In terms of the Primat, being the only design of the bottle, we chose a Gallo-Roman name close to our terroir. Primat, from the Latin Primatus meaning top-rated. With regard to the Melchizedek, the largest champagne bottle in the world, we once again turn back to the traditions of ancient Babylon. 

La Maison Drappier is the only champagne house to perform a prise de mousse, riddling and disgorging for each and every bottle, from the half-bottle to the Melchizedek (30 litres, or 40 bottles). This traditional technique gives the wine exceptional freshness and outstanding finesse.

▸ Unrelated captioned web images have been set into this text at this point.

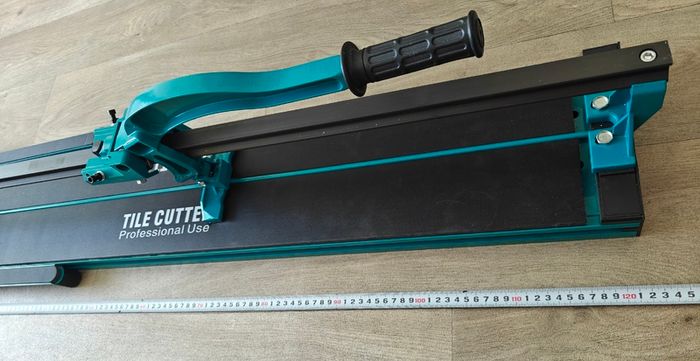 VEVOR 40" (1000mm) Manual Tile Cutter with Laser Guide | Brand New | Spare Cutting Wheel Included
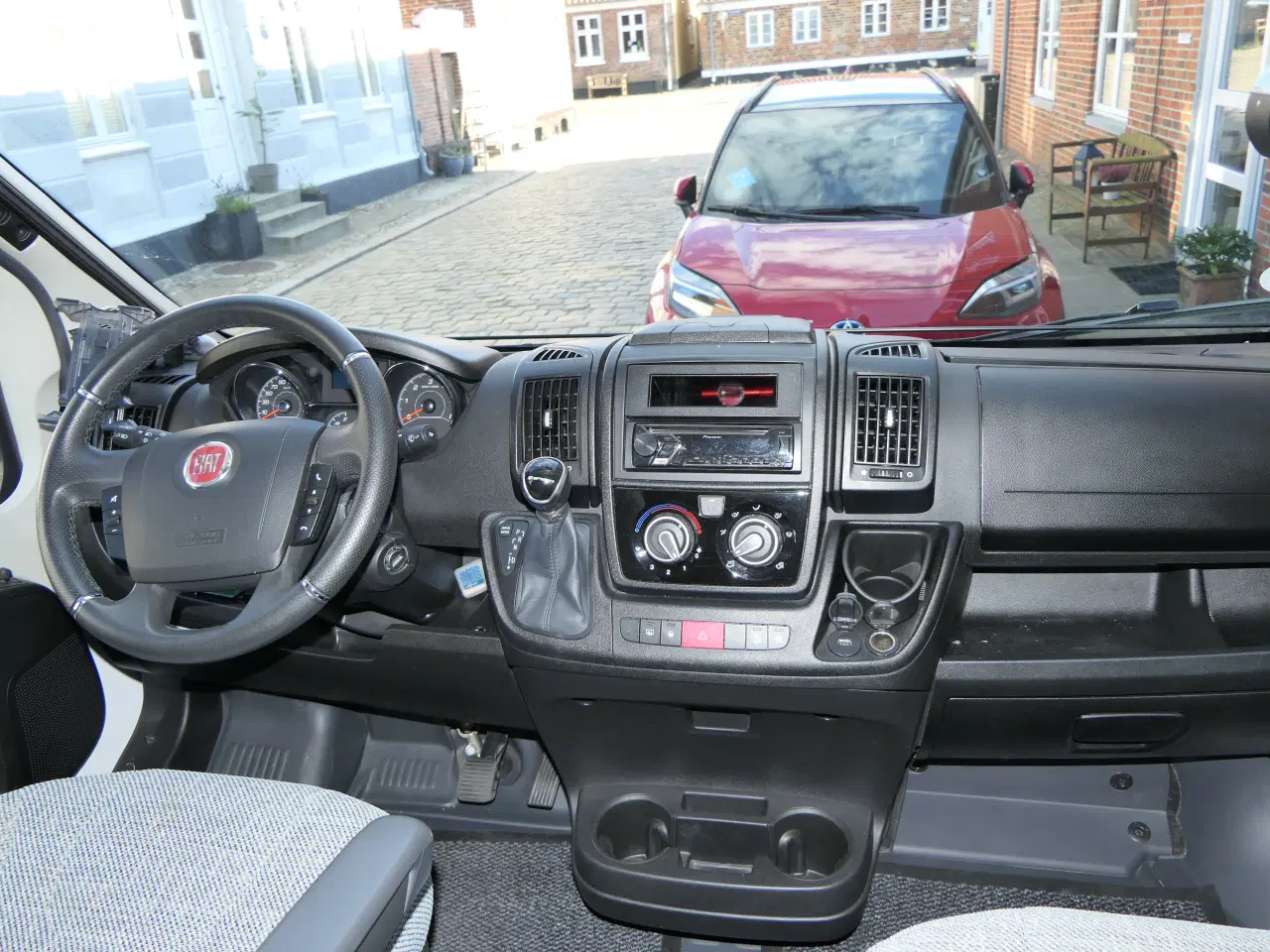 Billede 15 - Dethleffs T 6812 EB JUST 90 2,3 140 HK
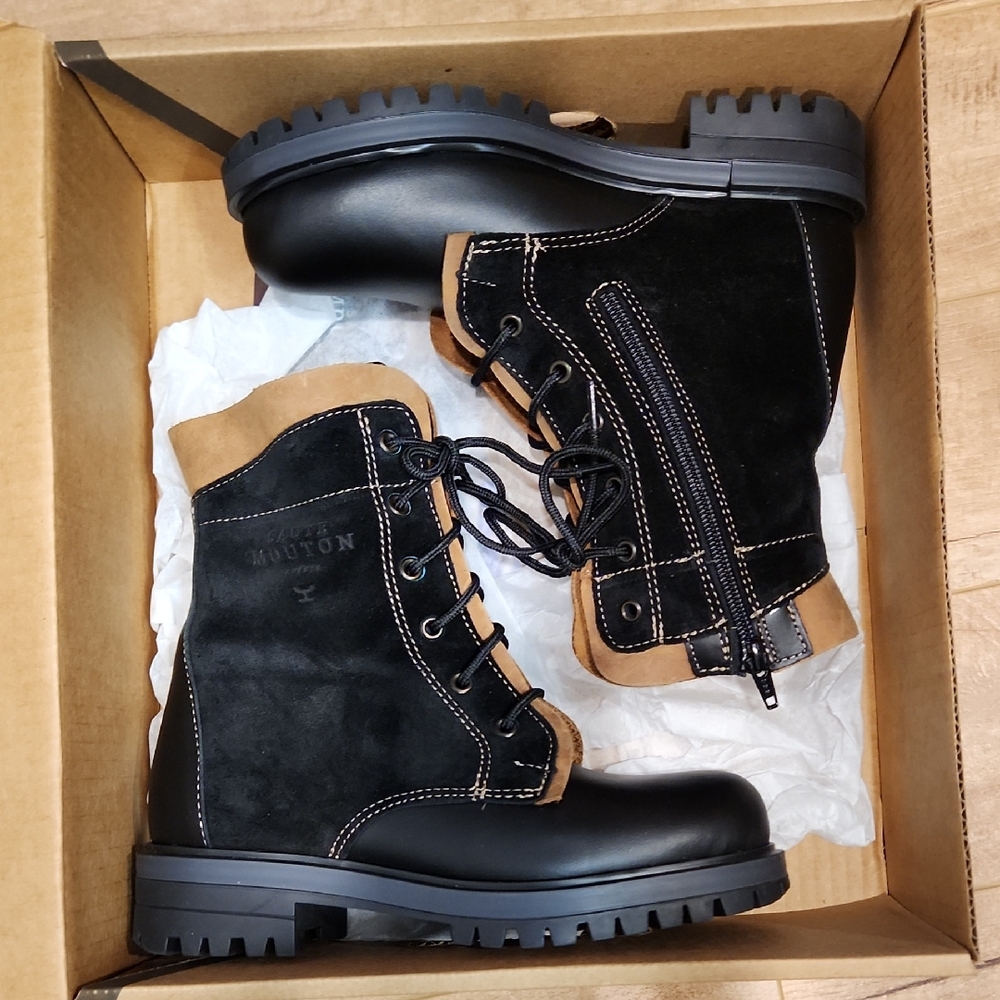 Saute Mouton Léa Black and Tan Boots / New With Box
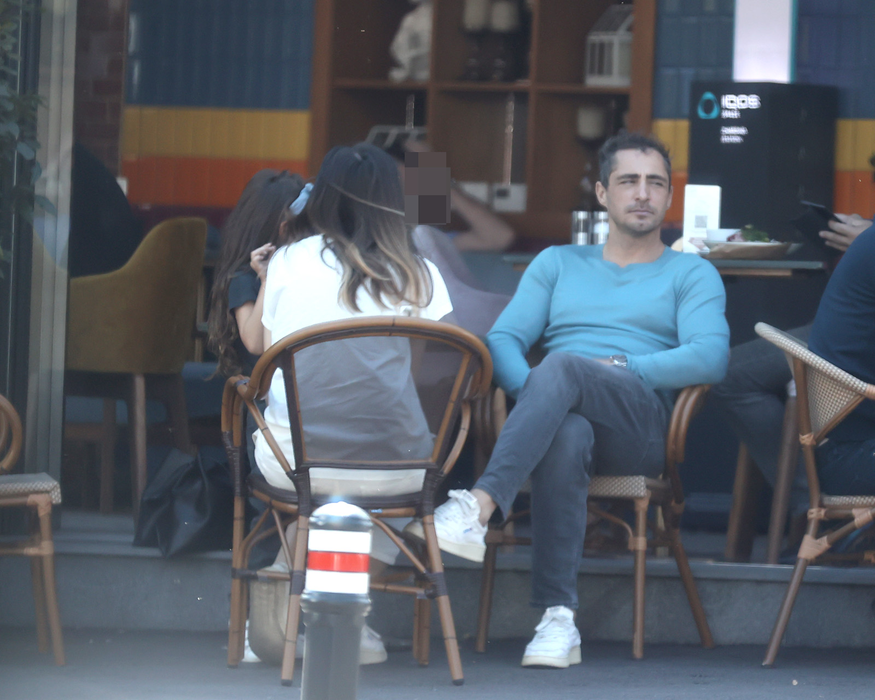Alice Cavaleru și Vladimir Drăghia au ieșit la terasă cu micuța Zora (Foto: CANCAN.RO)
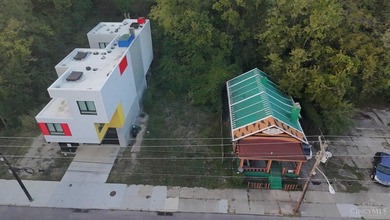 Located in one of the city's fastest-growing neighborhoods, this - photo 1
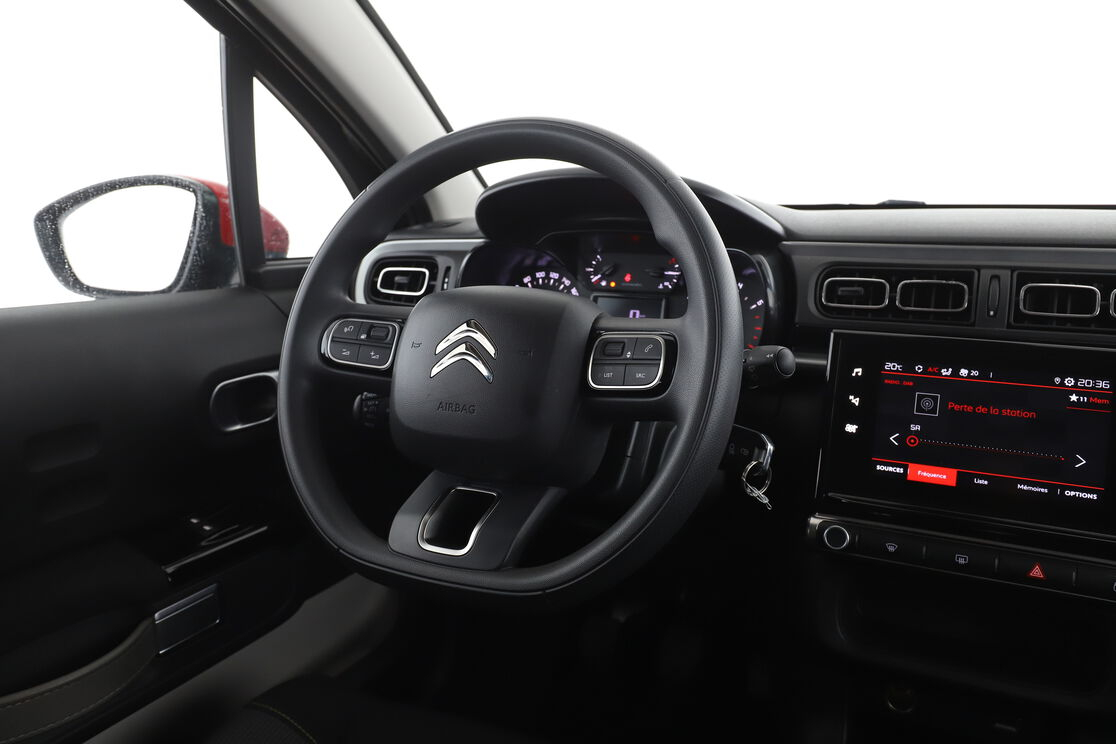 Citroen C3 1.2 PureTech Shine — photo 13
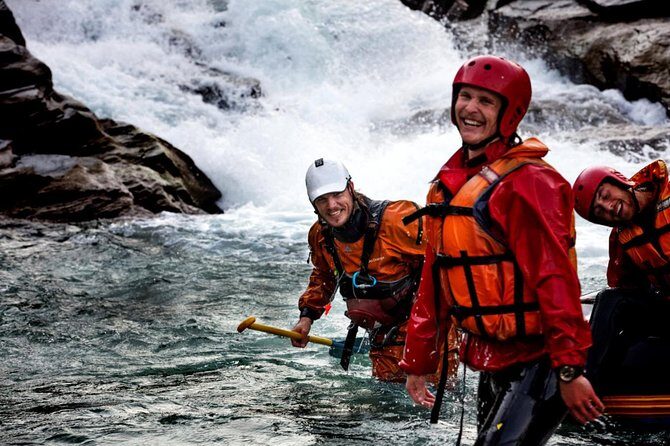 Queenstown Shotover River White Water Rafting - Getting there the hard way: Skippers Canyon Road in the 4WD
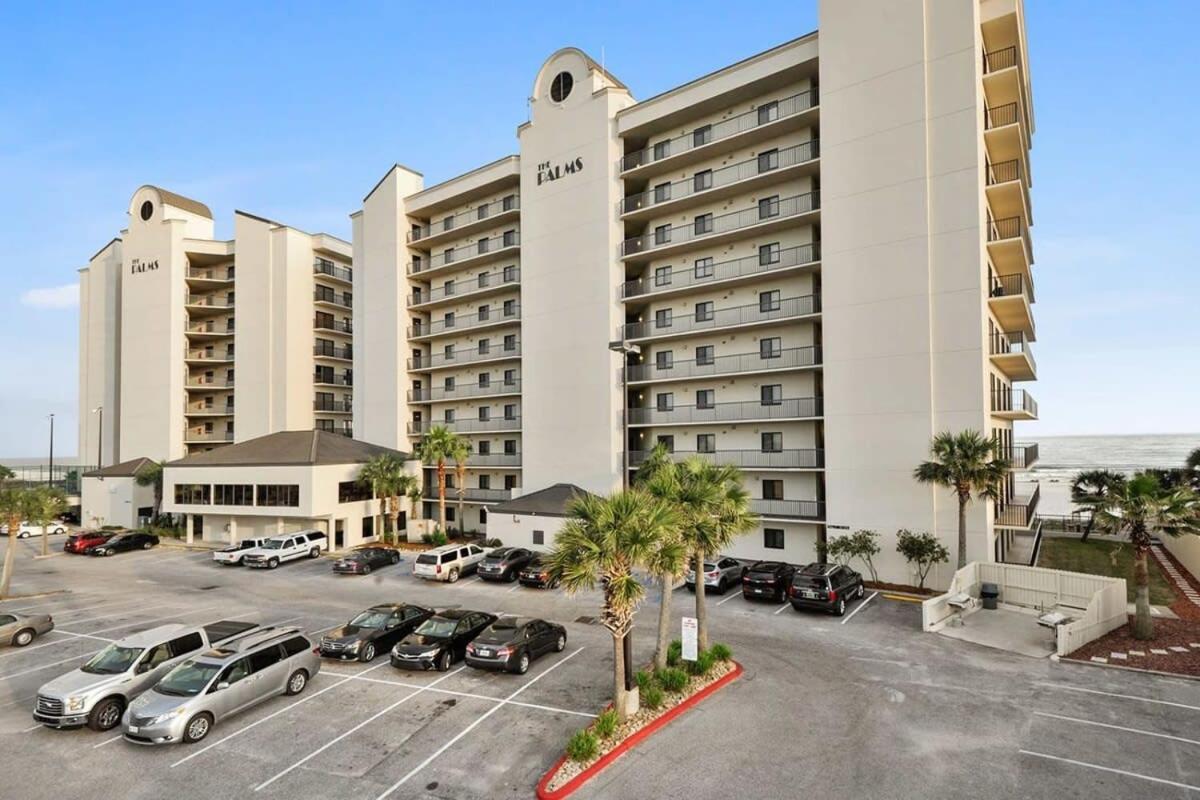 Palms 404- 4th Floor Corner Unit Holiday home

These giant bottles require great strength to serve, so designer Carmelo de Giorgio came up with a device to relieve the sommelier. The VCanter (comprised of the letter ‘V’ representing the shape of the stand and the verb ‘Decant’ meaning to pour), is a precision device made in Lucerne, Switzerland.
Designed in Drappier colours and gold plated, the precision device helps the server pour even the largest bottles of champagne.

WORK IN THE CELLAR

“Immersion”
ageing process

At depths of 30 metres, the underwater pressure, temperature and light create the perfect conditions for wine to age. The bottles containing wine from Champagne make their unique journey to Brittany where they are immersed for one, two or three years.

The Drappier Immersion Set, presented in a wooden box, contains two bottles of the same champagne, one has evolved in the depths of the sea and the other in the Drappier cellars in Urville. The set therefore presents an opportunity to enjoy a comparative tasting.